It seems to me that when there are two cylons against four humans, the damage they do outweighs the humans' responses since you basically have to deal with up to 6 crises over four human turns instead of 6 over 6 turns (before cylons are revealed).

I'm also curious about potential solutions to this problem you guys might have.

There's no problem, so no solution is neccessary. Yes, the humans may have to deal with more crises (assuming that's the action that the Cylons take), but the Cylons' ability to affect the outcome with skill cards is greatly reduced so the humans can be a bit more frugal. Also, the very fact that the Cylons are revealed and the humans can act in harmony makes a big difference.

I think this game is perfectly balanced as it is and any house rules should be avoided at all costs.

x2. Yeah, the game is real balanced as it stands right now. I don't really have a problem with house rules, but doing something as drastic as taking away one of the only ways a revealed cylon can hurt the humans is probably not a great idea. And like Trump said, the humans should be able to do much better on skill checks and work much better together if all the cylons are revealed.

I find that the lower the number of players, the easier it is to tell who the cylons are. Not everyone always participates in skill checks, and before long, it becomes obvious who participates when something goes wrong. Furthermore, it's not 6 crises per four turns, they draw two and discard one (using the other one). Secondly, the Sympathizer is a really weak Cylon, you'll never have Centurion force marches causing the humans to lose, like you would in a 5 player game. Thirdly, you never had their support anyway, it was always four crisis per four players, with two people not participating or anti-participating.

I too think the game is pretty balanced, it just takes a few runs through to get the feel for how the humans need to play. If house rules make the game more fun for you then go for it, but the game doesn't need it imo.

I do like the idea of working together to take out the resurrection ship though. I've heard rumblings of a Pegasus expansion, and that's when it happened in the show, so such a thing may be on the way.

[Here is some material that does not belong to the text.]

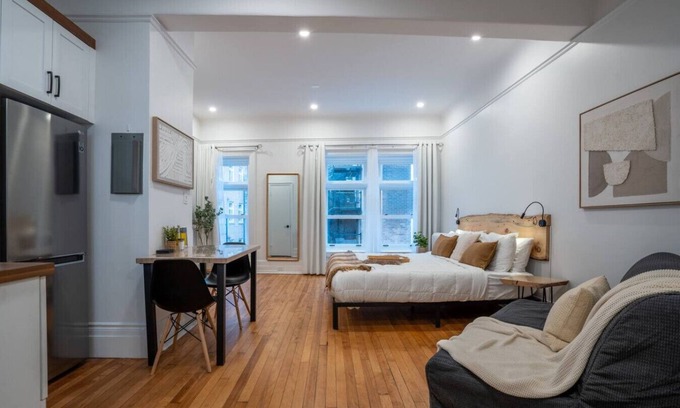 Lower Town Apartment | The Pearls #25| OldQuebec | King Bed | 4Guests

I think your fixes are only going to make it worse. The problem I see in the endgame is that there's fairly little choice for a revealed cylon player. If you start limiting his actions even more it's going to become very boring for a revealed cylon player.

I agree that Cylons have too few options as it is. In my experience, the Cylons pretty much have to, at some point, exert all their effort on one thing, or lose. It might be searching for crises that reduce a resource to zero, force marching centurions to the finish line, or trying to eke out the last couple of damage tokens against a set of humans without an engineer, and disabling any of those options will result in a de facto win for the humans. This would be okay considering the prevalance of Cylon victories on these boards, but a victory because the Cylons are prevented from using the location that helps them win is weak.

Perhaps I should explain myself. I tend to write my thoughts unedited so the ideas I came up with at the end of the topic heading were written on the fly because I'm a creative person. While I DO think those concepts are interesting, I understand why people dislike house rules that aren't 'official' because (I assume) to them it's like cheating or something. I don't think I would ever put those rules into play in any of my games (although I DO stand by my ressurection ship mission idea because -come on- how much fun would it be to pull that off as a human?) but I do think the end game could use a tweak of SOME kind.

I'm sure I haven't played enough games with the same people to notice a change in pattern, but I love board games and I enjoy strategizing, so I think I can foresee trends that develop in this game with some insight. I take issue with the cylon ability to play a crisis of his/her choice as a turn because of the freedom they have in selecting the destruction they wish to rain down upon humanity.

My thought process here could be messy, so if I lose you, I apologize.

So let's say the Cylon activates the Caprica location and picks up two crisis cards and can choose the most damaging option between the two cards.

The two cards could contain a skill check, cylon attack or simply a choice (in the latter case, they'd probably pick a dice roll where 1-4 forces the humans to drop one resource)

If the cylon picks a skill check, he'll clearly pick the hardest check or the one with the least common skill cards involved. Then the humans will have to drop a bunch of cards to prevent the resource loss.

Since the cylon can choose between two cards, you'll always get something that's even worse than a random crisis on a human turn (since you don't get to move the jump marker and if it's a 'choice' card they'll choose whichever is less desirable). Furthermore, at least on a human turn, the player can spend an action trying to do something useful, as opposed to a cylon turn which is devoted entirely to hurting the human cause.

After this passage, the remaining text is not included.